In 1921 he was detached to work with Henry Marion Howe at Howe's private laboratory in Westchester County, New York. Howe and Foley investigated the hardening of steel and the formation and tempering of martensite. Howe's resulting publication on this subject was significant in developing the understanding of this important art and science.

When he returned to Minneapolis he undertook a study of the blast furnace, collaborating with P.H. Royster in this project. He then supervised the Experiment Station on the campus of the Missouri School of Mines (now Missouri University of Science and Technology) in Rolla, Missouri. In 1924 he took the position of metallurgist for the Lucey Manufacturing Company in Chattanooga, Tennessee, and in 1926 returned to the Midvale Company, to organize and direct a new Research Department.

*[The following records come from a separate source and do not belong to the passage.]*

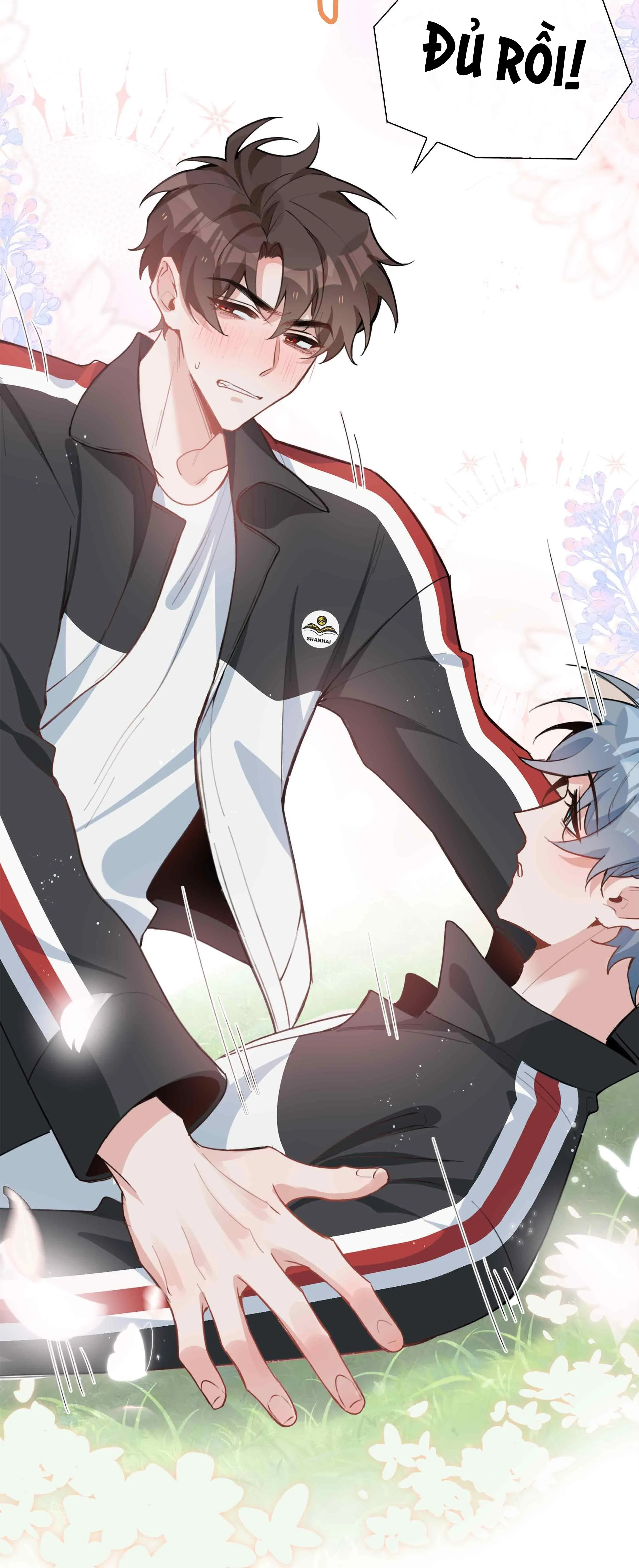 Trường Cấp Ba Sơn Hải Chapter 90 Trang 32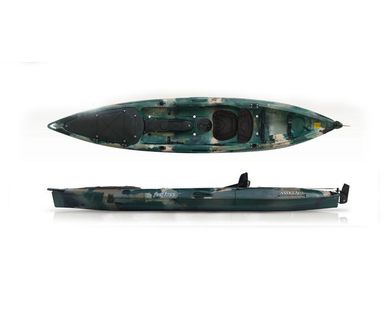 фото Каяк FeelFree Moken 13 Angler Forest Camo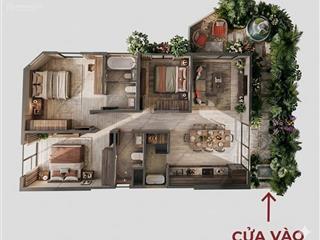 Căn hộ 3pn ( 108m2) view hồ thiên nga siêu rẻ 5tỷ 78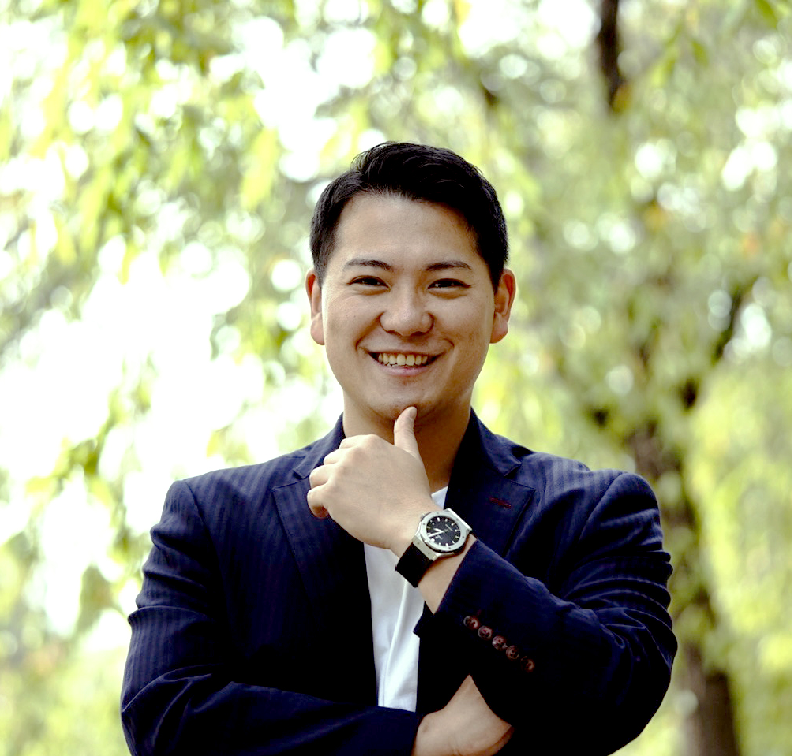CEO, Yusuke Okada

Midvale had a long history of producing high grade steel forgings and castings for guns, armor, locomotive tires, and large forgings, first from acid openhearth steel and later in electric furnaces. Foley kept Midvale successfully producing new corrosion resistant alloys, and alloys for use at high temperatures. In 1949 Midvale was merged with a Pittsburgh steel company. Foley felt that the new company would no longer be in the forefront of metallurgical development and resigned to take a position with the International Nickel Company. For a time he directed the research laboratory at Bayonne, New Jersey, and then served as consulting metallurgist in the New York City offices of Inco until 1957. He then joined Pencoyd Steel and Forge Corp. as executive metallurgical engineer, finally retiring in 1964, aged 77.

His first wife, Anne, died in June, 1936. In 1938 he married Katherine Campbell Fuller. In 1939 they had a daughter, Frances Campbell, later Mrs. William Jueds. He died in Coral Gables, Florida, om February 28, 1973.